* **INSTRUCTIONS TO FOLLOW**
Whenever an image turns up, omit it and return the remaining data exactly.

* **DATA TO EXAMINE**
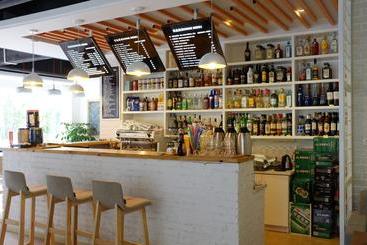 Wudang International Youth Hostel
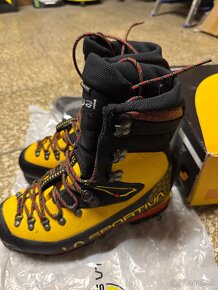 LA sportiva Nepál - 5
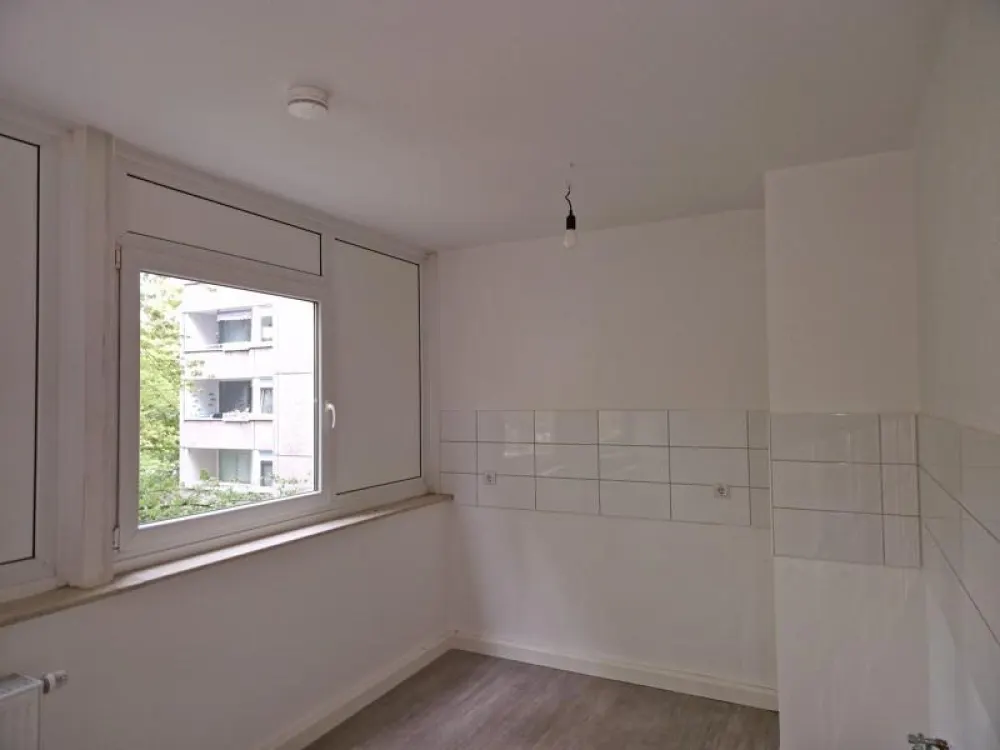 Hier findet jeder seinen Platz: komplett renovierte 3-Zimmer-Wohnung mit Balkon!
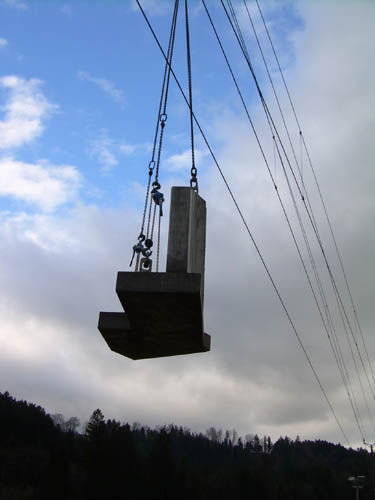 Noch schwebt die Flügelmauer in der Luft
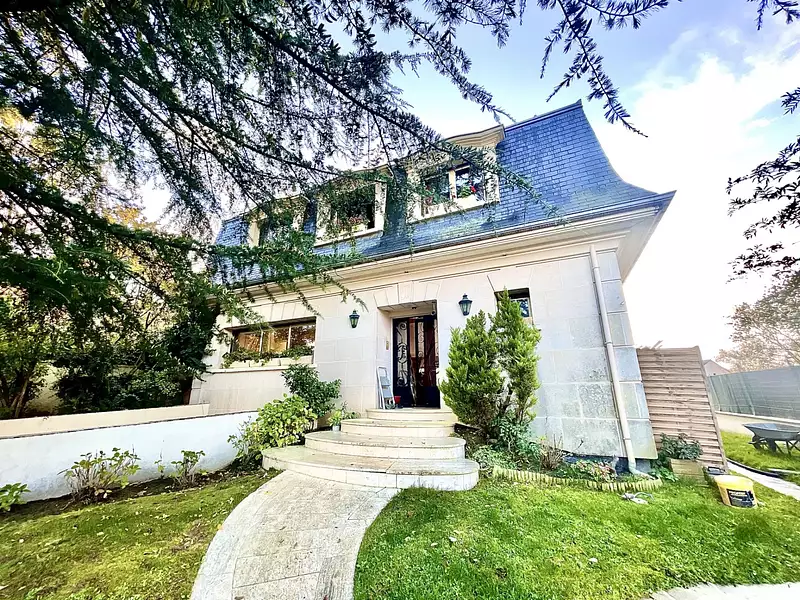 Maison, 230 m²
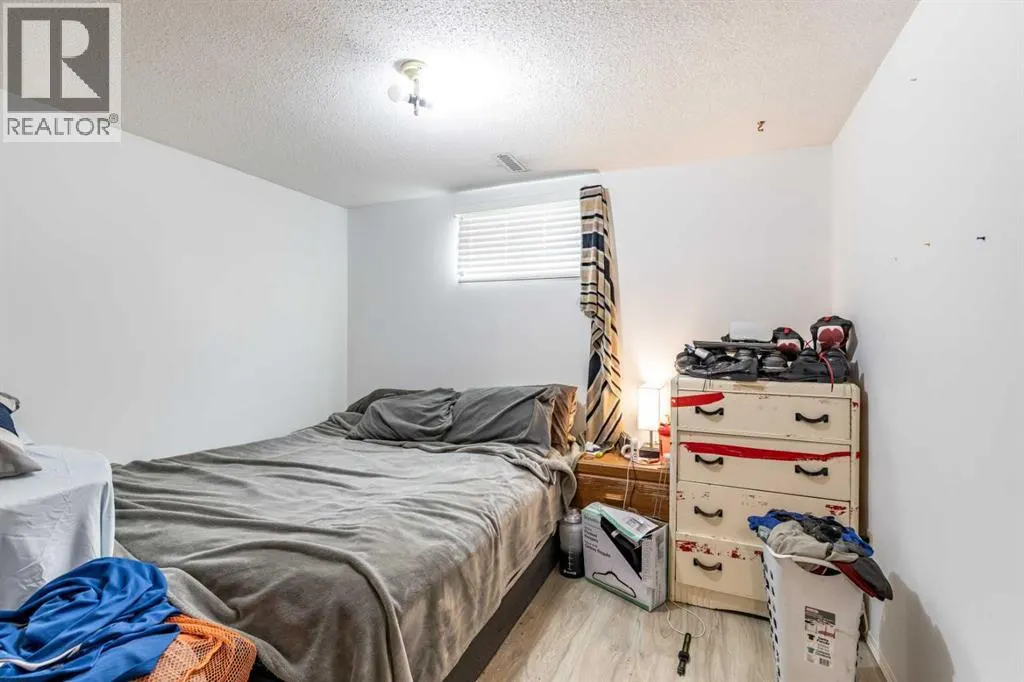 2555 & 2557 Thompson Crescent SE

* **SOLUTION**
 Wudang International Youth Hostel
 LA sportiva Nepál - 5
 Hier findet jeder seinen Platz: komplett renovierte 3-Zimmer-Wohnung mit Balkon!
 Noch schwebt die Flügelmauer in der Luft
 Maison, 230 m²
 2555 & 2557 Thompson Crescent SE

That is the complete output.